Here, the job is to give back every entry below unchanged, omitting pictures.

◆ **Excerpted records**:

↓↓↓

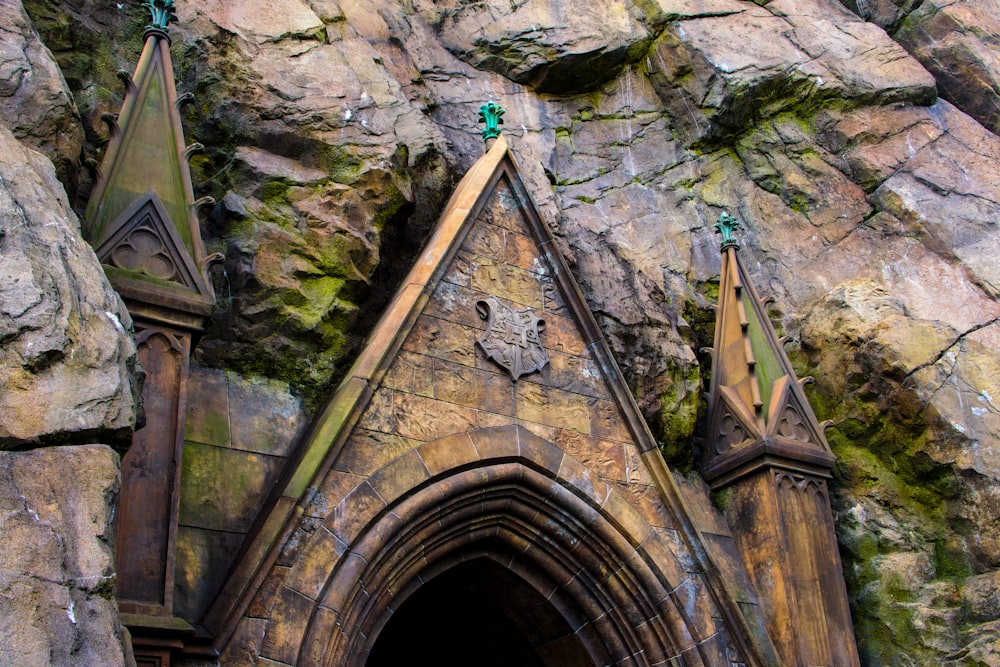 a stone building with steeples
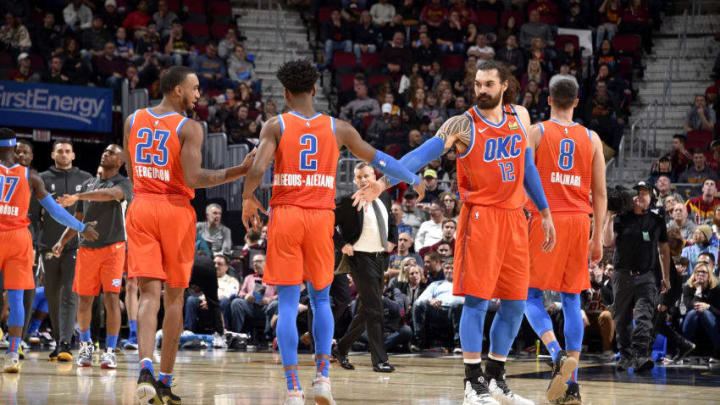 JANUARY 4: Shai Gilgeous-Alexander #2 and Steven Adams #12 of OKC Thunder high five each other during a game against the Cleveland Cavaliers (Photo by David Liam Kyle/NBAE via Getty Images)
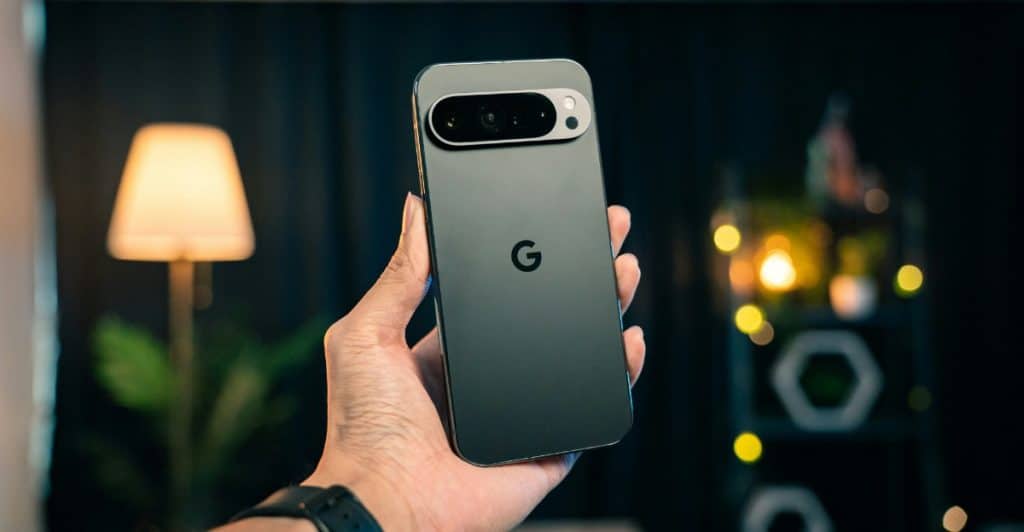 A hand holding the Google Pixel 9 Pro in black.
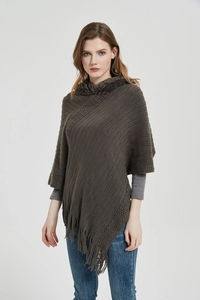 Close-up detail of coffee brown knit shawl with faux fur collar and asymmetric tassel hem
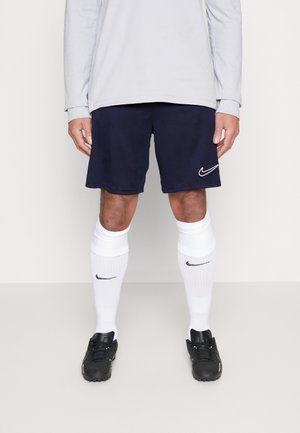 Personne portant un short Nike bleu marine, des chaussettes Nike blanches montantes jusqu'aux genoux, des crampons noirs et un t-shirt à manches longues gris clair, debout sur un sol uni.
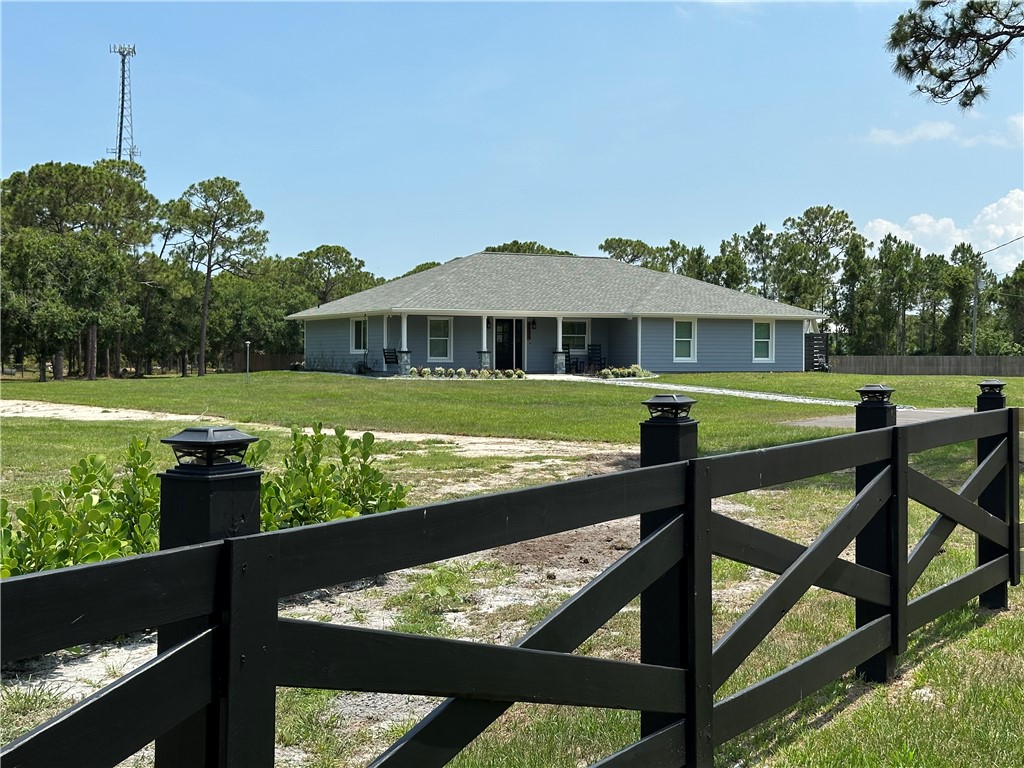 a view of a swimming pool with a garden and outdoor seating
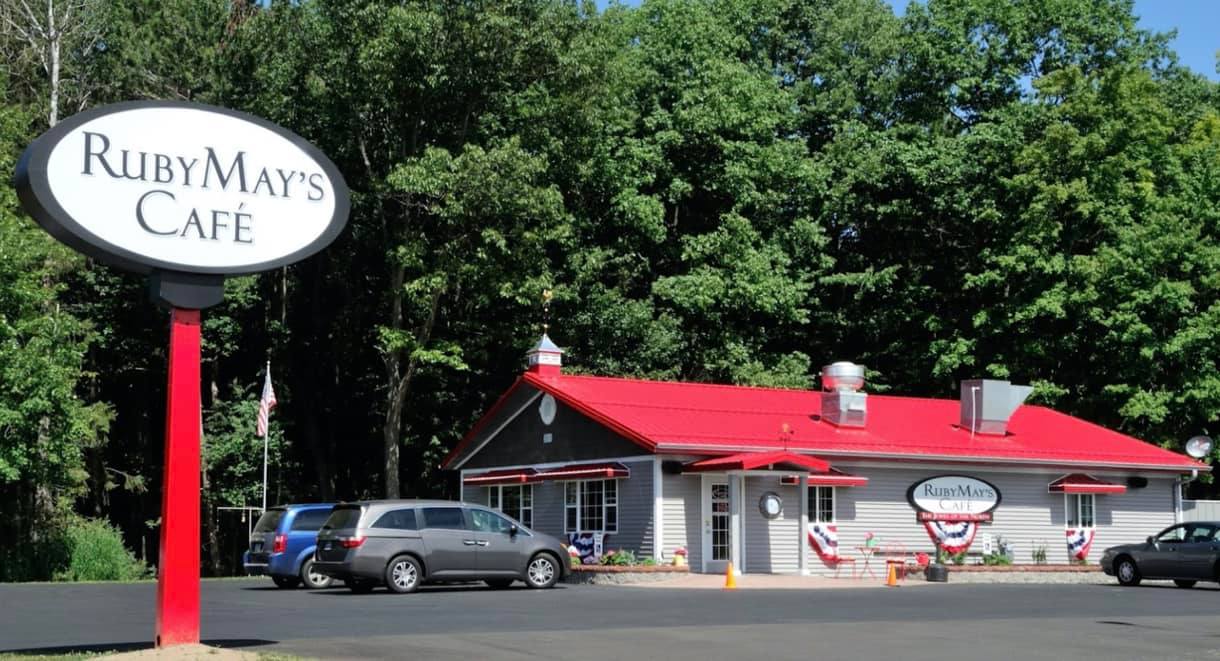 A cozy café building with a bright red roof and gray siding, nestled against a wooded backdrop. The parking lot is partially filled with vehicles, and a large oval sign reading “Ruby May’s Café” stands at the entrance.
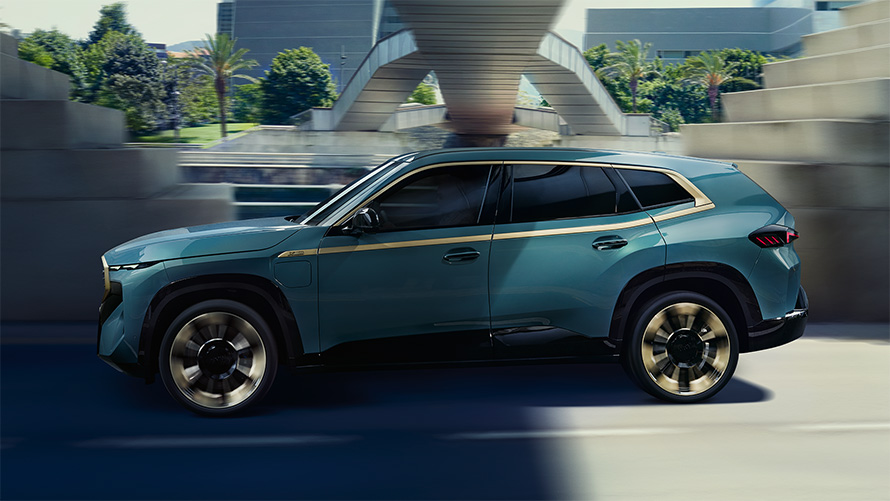BMW XM G09 외부 공간 측면도 주행 나이트 골드 액센트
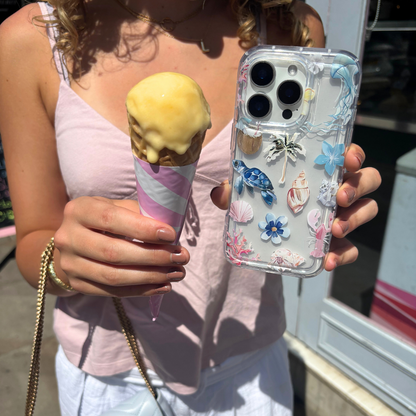 Hand holding a melting ice cream and an iPhone in a clear Coconut Lane phone case with Beach Girl Summer design.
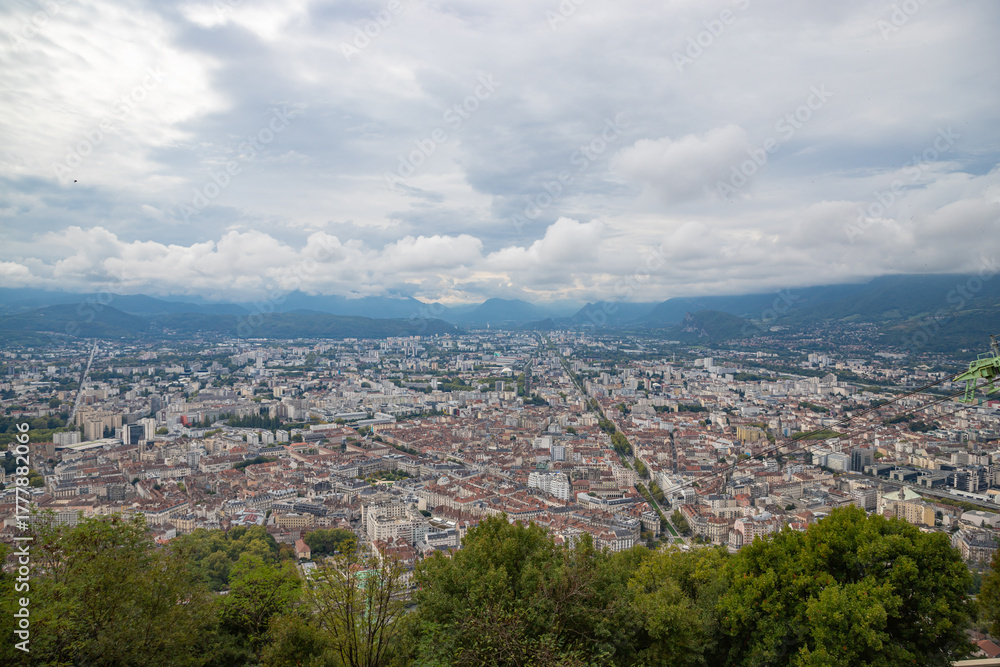 Obraz premium Aerial view of Grenoble old town seen from Bastille Fort, Auvergne-Rhone-Alpes region, France, Europe. View from above on the Isere Valley in the French Pre-Alps. Chartreuse Belledonne mountain range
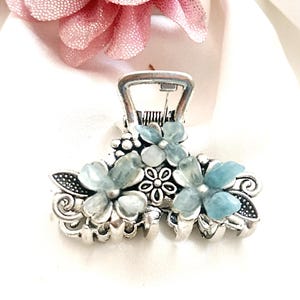 May include: Silver-toned metal hair claw clip adorned with light blue flower-shaped accents. The clip features a decorative floral design with intricate details and a secure clasp, perfect for various hairstyles.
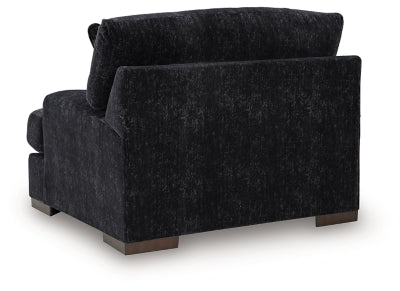 Ashley Furniture Whitmore Manor oversized chair with plush upholstery and a high back, shown from the rear angle.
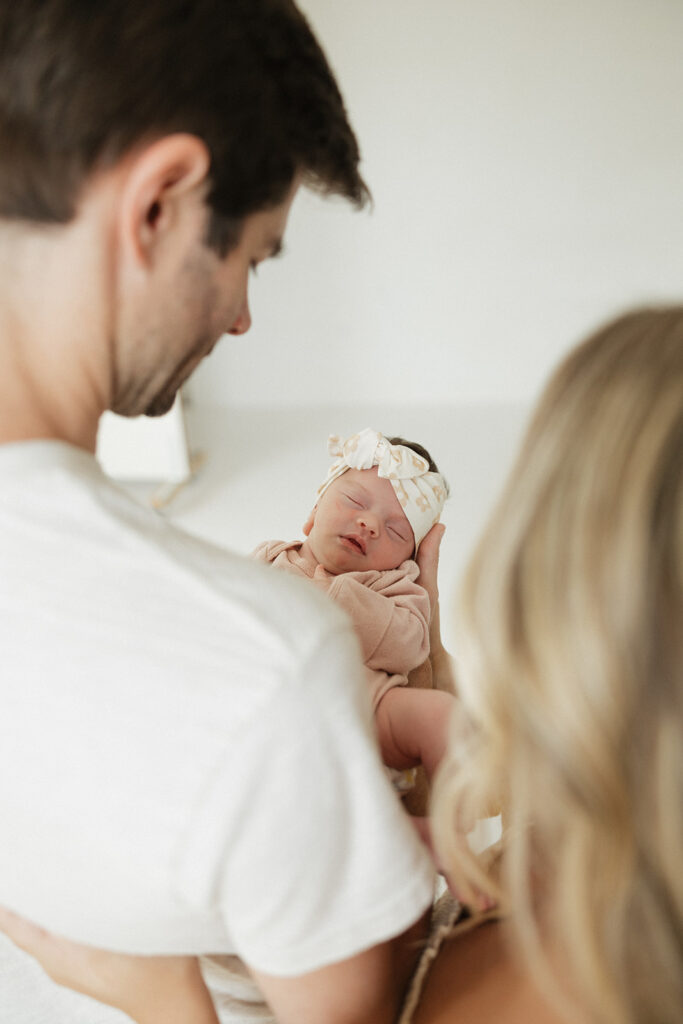 cute parents looking at their newborn baby girl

↑↑↑

◆ **Answer to the exercise**:
 a stone building with steeples
 JANUARY 4: Shai Gilgeous-Alexander #2 and Steven Adams #12 of OKC Thunder high five each other during a game against the Cleveland Cavaliers (Photo by David Liam Kyle/NBAE via Getty Images)
 A hand holding the Google Pixel 9 Pro in black.
 Close-up detail of coffee brown knit shawl with faux fur collar and asymmetric tassel hem
 Personne portant un short Nike bleu marine, des chaussettes Nike blanches montantes jusqu'aux genoux, des crampons noirs et un t-shirt à manches longues gris clair, debout sur un sol uni.
 a view of a swimming pool with a garden and outdoor seating
 A cozy café building with a bright red roof and gray siding, nestled against a wooded backdrop. The parking lot is partially filled with vehicles, and a large oval sign reading “Ruby May’s Café” stands at the entrance.
BMW XM G09 외부 공간 측면도 주행 나이트 골드 액센트
 Hand holding a melting ice cream and an iPhone in a clear Coconut Lane phone case with Beach Girl Summer design.
 Obraz premium Aerial view of Grenoble old town seen from Bastille Fort, Auvergne-Rhone-Alpes region, France, Europe. View from above on the Isere Valley in the French Pre-Alps. Chartreuse Belledonne mountain range
 May include: Silver-toned metal hair claw clip adorned with light blue flower-shaped accents. The clip features a decorative floral design with intricate details and a secure clasp, perfect for various hairstyles.
 Ashley Furniture Whitmore Manor oversized chair with plush upholstery and a high back, shown from the rear angle.
 cute parents looking at their newborn baby girl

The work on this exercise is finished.